**Supplied data**
--------------------------------

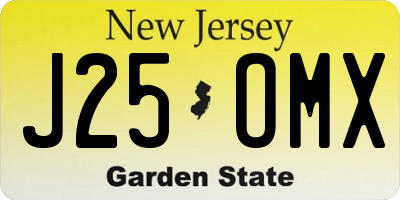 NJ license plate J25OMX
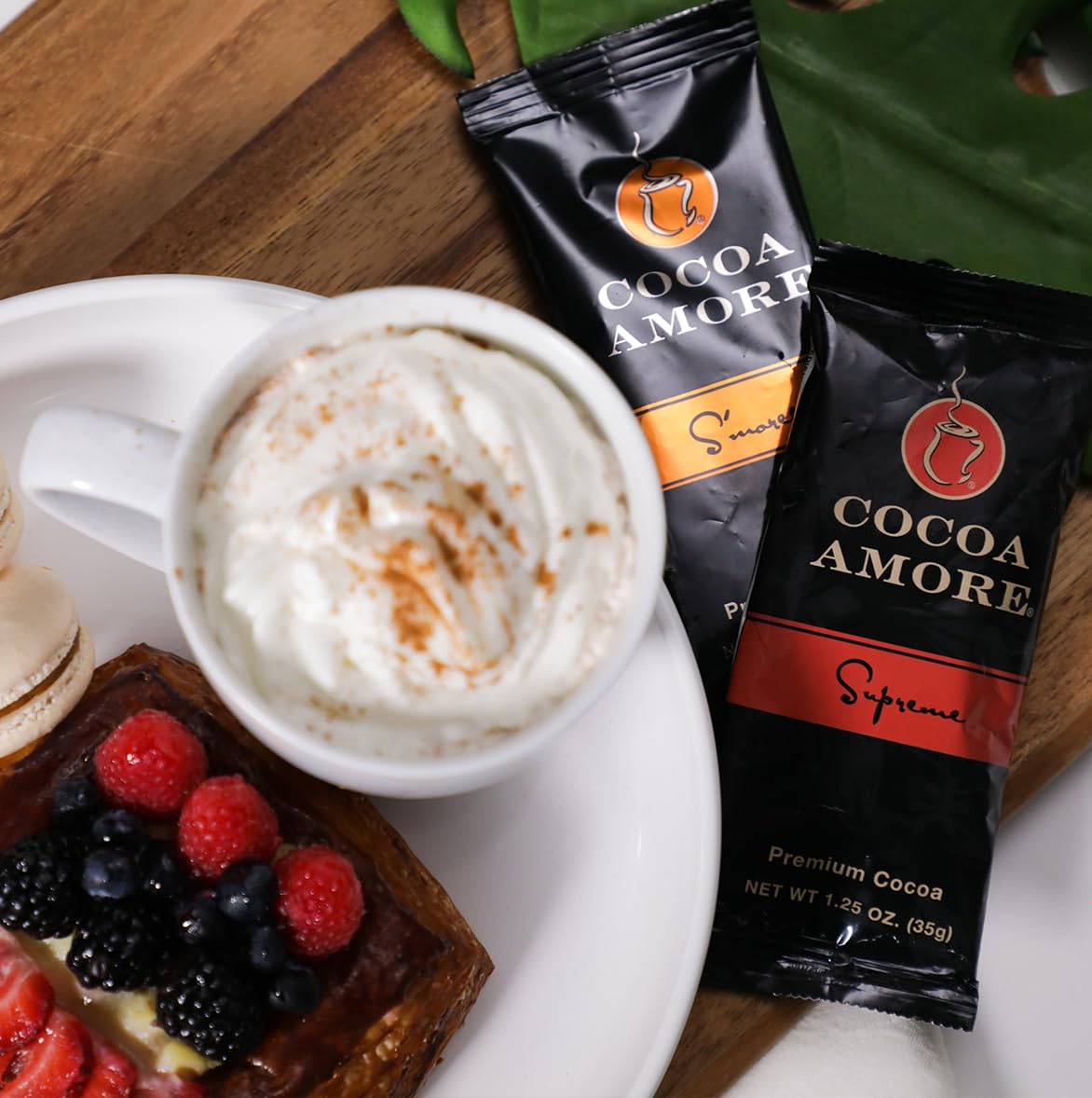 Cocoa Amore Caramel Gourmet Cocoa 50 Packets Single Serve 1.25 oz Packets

--------------------------------

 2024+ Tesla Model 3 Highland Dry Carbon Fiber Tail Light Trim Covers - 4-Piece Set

--------------------------------

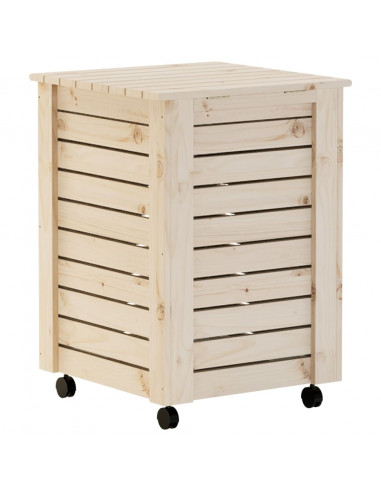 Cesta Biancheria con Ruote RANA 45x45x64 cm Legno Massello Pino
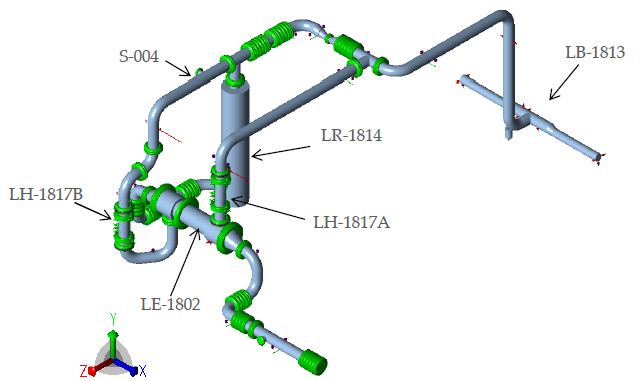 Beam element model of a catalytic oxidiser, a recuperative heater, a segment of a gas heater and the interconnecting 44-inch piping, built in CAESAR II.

--------------------------------

**To do**
Repeat, word for word, the lines of the material above from the one holding "Cesta Biancheria con" through the one holding "Beam element model". Leave out pictures.

**Exercise result**
 Cesta Biancheria con Ruote RANA 45x45x64 cm Legno Massello Pino
 Beam element model of a catalytic oxidiser, a recuperative heater, a segment of a gas heater and the interconnecting 44-inch piping, built in CAESAR II.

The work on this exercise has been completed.